Initialement conçu comme un exercice préparatoire en août 1862, l’unique Quatuor à cordes de Bruckner fut redécouvert par Rudolf Koeckert qui le créa avec son ensemble le 15 février 1951. C’est cette capture émouvante de la création mondiale de l’œuvre qui est reproduite, jouée avec justesse et sensibilité. Le premier volume de cette série de cd se révèle sans doute le moins enthousiasmant, présentant des essais de jeunesse émanant du carnet d’esquisses : une banale Marche en ré mineur, une prometteuse Ouverture en sol mineur, Trois pièces pour orchestre ainsi que la Symphonie en fa mineur (Orchestre Bruckner de Linz, Kurt Wöss, 1974) et la Symphonie n°1 (Orchestre Symphonique de la Radio Bavaroise, Eugen Jochum, 1959) qui témoigne de l’impact de sa récente rencontre avec Wagner.
Le deuxième volume est plus palpitant. En 1955 à Amsterdam, le néerlandais Eduard van Beinum électrifie la Symphonie en ré mineur dite “n°0” (Die Nullte) et la pare d’une captivante aura. Moins connu que son ainé Eugen, Georg Ludwig Jochum mérite notre considération. Il fut en poste en Suède, en Allemagne et en Autriche où il dirigea notamment l’Orchestre Bruckner de Linz. Il mène vaillamment l’Orchestre de la Radio de Cologne dans la Deuxième symphonie, captée en 1962, qu’il érige en véritable joyau d’équilibre et de splendeur rayonnante.
L’interprétation : reflet du temps
À la tête de la NDR de Hambourg en 1966, Hans Schmidt-Isserstedt conjugue dynamisme et lyrisme dans la 3e, précipitant les tempi sans pour autant convaincre pleinement. Dans le même esprit, le Suisse Volkmar Andreae, avec ses ralentis et ses effets théâtraux, vivifie la 4e Symphonie (captée à Munich en 1958) la rapprochant ainsi de l’impulsivité schumannienne. Ces deux interprétations, imprégnées d’une époque se grisant de vitesse et de technologie, délaissent mystère et densité au profit d’une bien superficielle urgence.
Le jeune Christoph von Dohnányi, s’emparant de la 5e avec l’Orchestre Symphonique de la Radio de Berlin (1963) et de la 6e avec celui de Hambourg (1961), atteste de l’approche plus objective de la nouvelle génération de chefs émergeant après la Seconde guerre mondiale. Il souligne l’architecture ambitieuse des symphonies tout en restant attentif aux nuances et aux contrastes malgré des phalanges orchestrales manquant parfois de brillance.

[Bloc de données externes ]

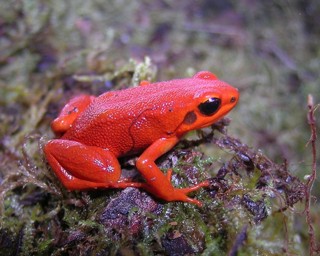 Mantella milotympanum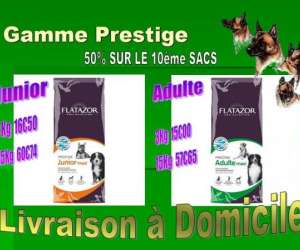 photo Oh my dog ! distributeur Ville Sur Tourbe 3831
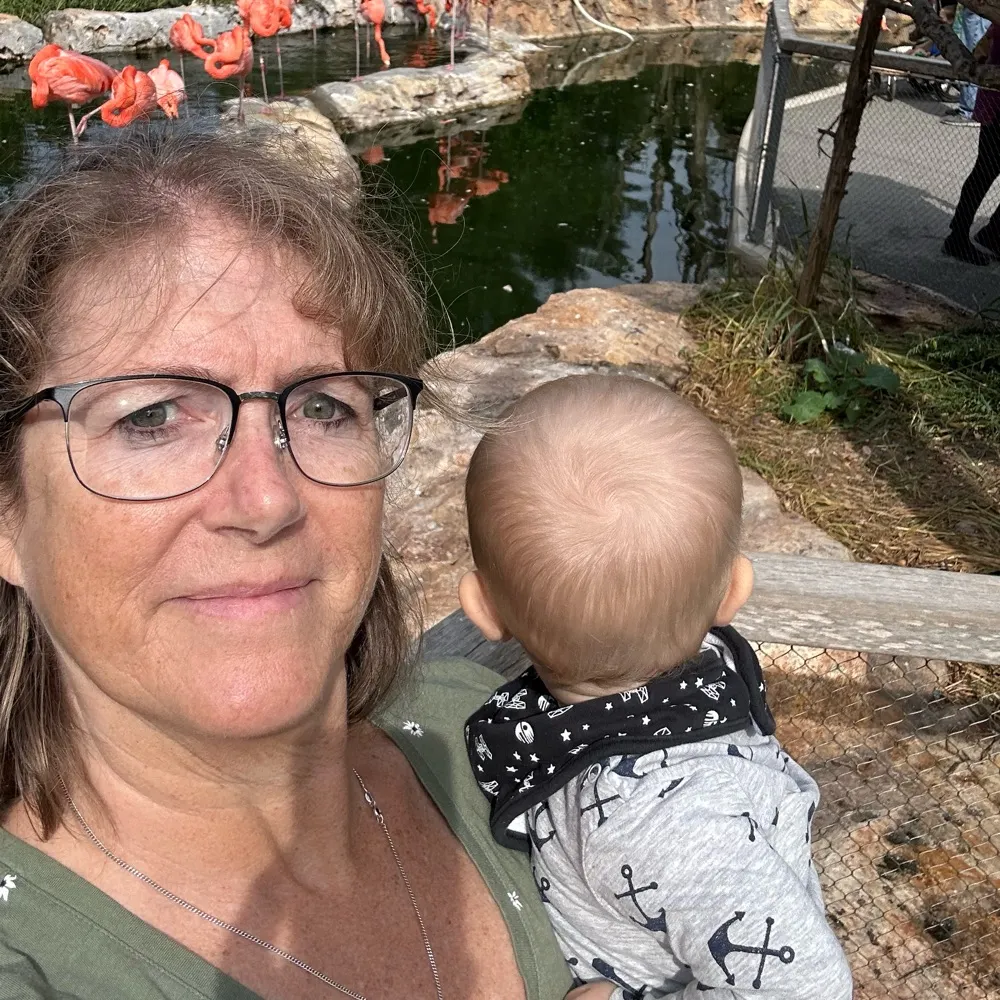 carolita.bsky.social's profile picture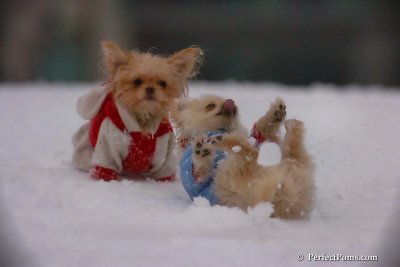 Dec2_07_533.jpg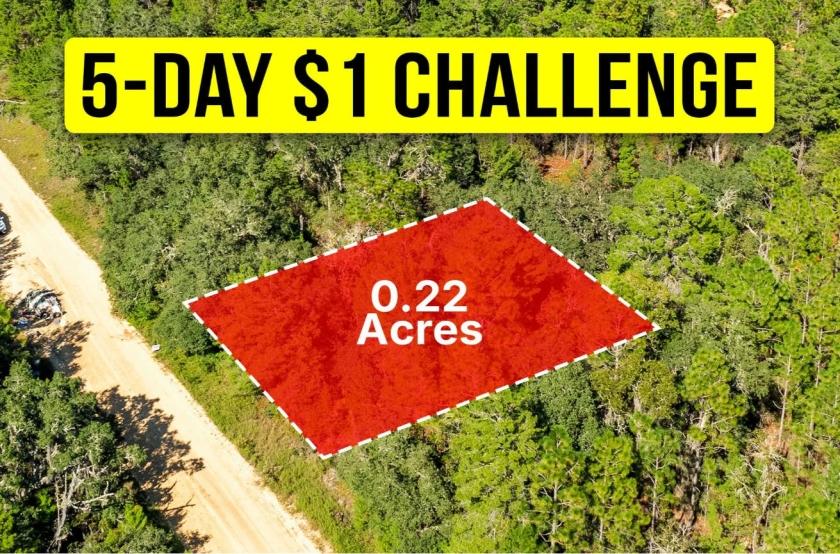 0.22 Acres for Sale in Interlachen, Florida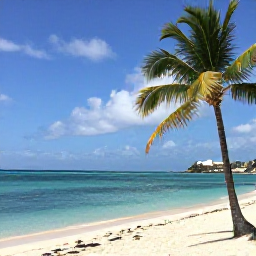 Caribbean Holidays, Aruba February Holidays, Sunny Palm Beach in Aruba with calm turquoise sea, white sand, palm trees and relaxed holiday atmosphere in February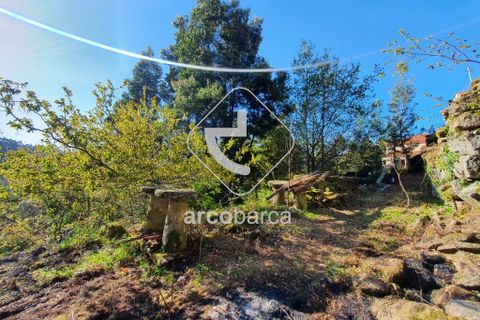 Landejendom i Arcos de Valdevez, Viana do Castelo, Arcos de Valdevez - € 70.000 | Ref: AV5015 - foto 23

Hans Müller-Kray, qui a joué un rôle capital dans l’histoire de l’Orchestre de Stuttgart depuis sa création en 1948 par les autorités militaires américaines, se plait à accentuer rubatos et oppositions dramatiques dans la 7e, enregistrée en 1955, d’une manière curieusement abrupte, sans nuire cependant aux puissantes envolées ni à la solidité du discours.
En complément des symphonies, œuvres religieuses (Messe n°2 en mi mineur, Psaume 112, Psaume 150 et un Te Deum superbement exalté par Herbert von Karajan en 1962) et de musique de chambre (le subtil Quintette) offrent une vision complémentaire et opportune de la créativité de Bruckner.
Affirmons-le sans détour, aucune des méritantes versions proposées ici ne détrône les gravures magistrales qui caracolent en tête de l’abondante discographie brucknérienne, mais elles apportent un éclairage passionnant sur un univers symphonique à nul autre pareil. Les fervents brucknériens se réjouiront sans réserve de la mise à disposition de ces archives jusqu’à présent inédites qui permettent d’appréhender l’évolution de la direction d’orchestre et de la conception de l’art de Bruckner depuis l’après-guerre jusqu’aux années 1970.
Anton Bruckner, From the Archives, volumes 1 à 6, Somm recordings.